Se apoyó en la barandilla y miró hacia abajo. Estaba en la periferia de Praga, el Vltava había atravesado ya la ciudad, había dejado atrás la gloria del castillo de Hrad-cany y de las iglesias, era como una actriz después de la representación, cansada y pensativa. Fluía entre dos orillas sucias que lindaban con alambradas y muros, tras los cuales había fábricas y campos de juego abandonados.

Estuvo mirando durante mucho tiempo al agua, que allí parecía más triste y oscura y de pronto vio en medio del río una especie de objeto, un objeto rojo, sí, era un banco. Un banco de madera con las patas de metal, uno de los tantos que se encuentran en los parques praguenses. Navegaba lentamente por el medio del Vltava. Y tras él otro banco. Y otro y otro, y es ahora cuando Teresa se da cuenta de que los bancos de los parques de Praga se van de la ciudad río abajo, son muchos, son cada vez más, flotan en el agua como en otoño las hojas que el agua se lleva del bosque, son rojos, son amarillos, son azules.

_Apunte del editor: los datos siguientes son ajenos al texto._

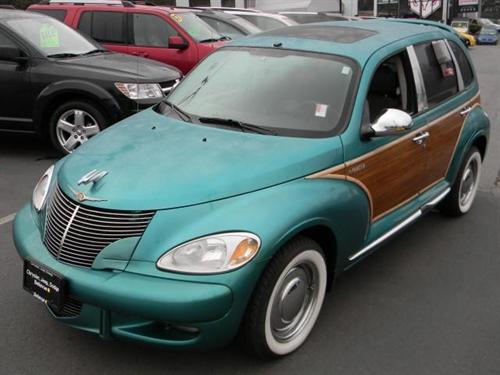 Chrysler PT Cruiser SLT 25 Other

Miró a su alrededor como si quisiera preguntarle a la gente qué quería decir aquello. ¿Por qué se van río abajo los bancos de los parques de Praga? Pero todos pasaban a su lado indiferentes y les daba exactamente lo mismo que hubiera un río fluyendo de una edad a otra por en medio de su efímera ciudad.

Volvió a mirar el río. Se sentía inmensamente triste. Comprendía que lo que estaba viendo era una despedida.

La mayor parte de los bancos desapareció de su vista, aún aparecieron algunos más, los últimos rezagados, otro banco amarillo más y después otro más, azul, el último.